A gate pass??? ODM, the company that manages the apartments, has known we are moving out for weeks and they never mentioned a gate pass. In fact, the flat is being vacated because ODM decided to turn it into office buildings and now they are telling us we cannot move out. The managers wonderful suggestion was to park the truck in the lot for 2 days (the following day was a national holiday) and wait to get the pass. The truck costs $500 a day and I just fought 3 hours of traffic not to mention everything else in the day, and that is the best he could come up with.
Luckily, Andre is good at politely pressuring people, and after an hour, we had our permission. 11’o’clock at night and it is time to load the furniture. I am a walking zombie, but Andre kept me going. I was ready to give up and put moving the furniture off to another complicated day.

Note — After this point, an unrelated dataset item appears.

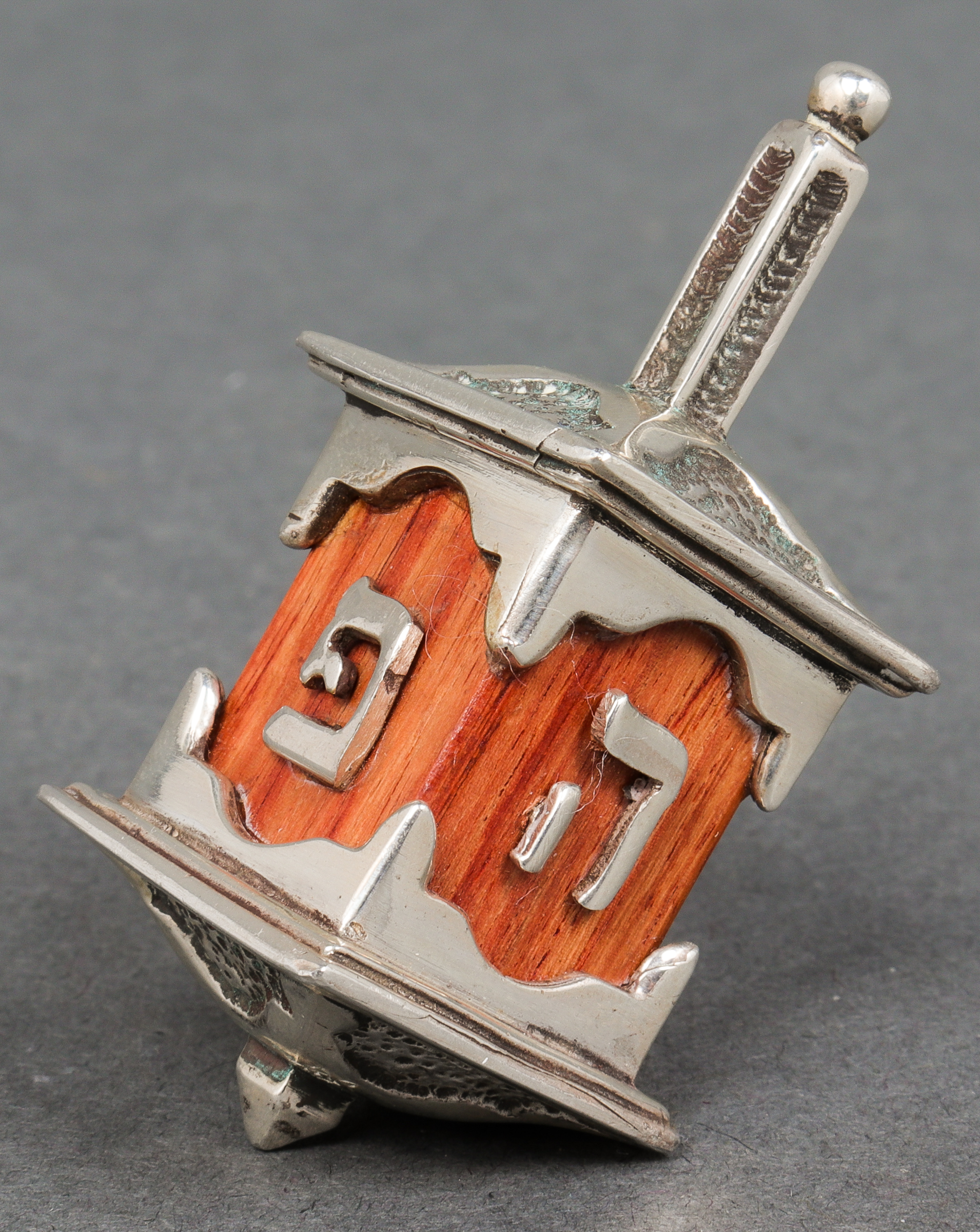 JUDAICA LUVATOV STERLING MOUNTED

A few hours of rest and it was time to hit the road the next day. The truck was ahead of me as the guys slept at a truck stop and got an early start. I figured I would catch up at some point.
Before leaving, we loaded a couch in my car and some other items from the flat. Also, Andre and Coline were moving out of the flat and into their new place, so we loaded their car too. Again we were harassed by management, but we just pushed on as it was just a few items.
The truck offloaded the furniture in Nanyuki and then continued on to the site. I caught up with them at the site in time to see them trying to dig the truck out of the mud.
I wasn’t at all surprised. I actually double checked that I had my tow straps because I figured there was a 90% chance they would drive off the main road to get closer and sink in the mud. It happens every time.
First I pulled the tractor out which got stuck trying to pull the truck out. Then as a couple of the men dug out the tires, I helped unload the remaining concrete slabs. Time to put my new snatch strap to the test.
A side note for anyone who likes offroading, get a snatch strap. Unlike tow straps, snatch straps stretch. This allows you to get a running start and not feel a massive jolt when the rope goes tight. I could barely tell I was pulling out a 10 ton truck. It is impossible to understand the difference it makes without trying one. It was unbelievable!
It is now afternoon of the second day, and everything was on site. I went home and crashed because tomorrow we have to lay all the slabs in preparations for the fundis to put up the buildings the next day.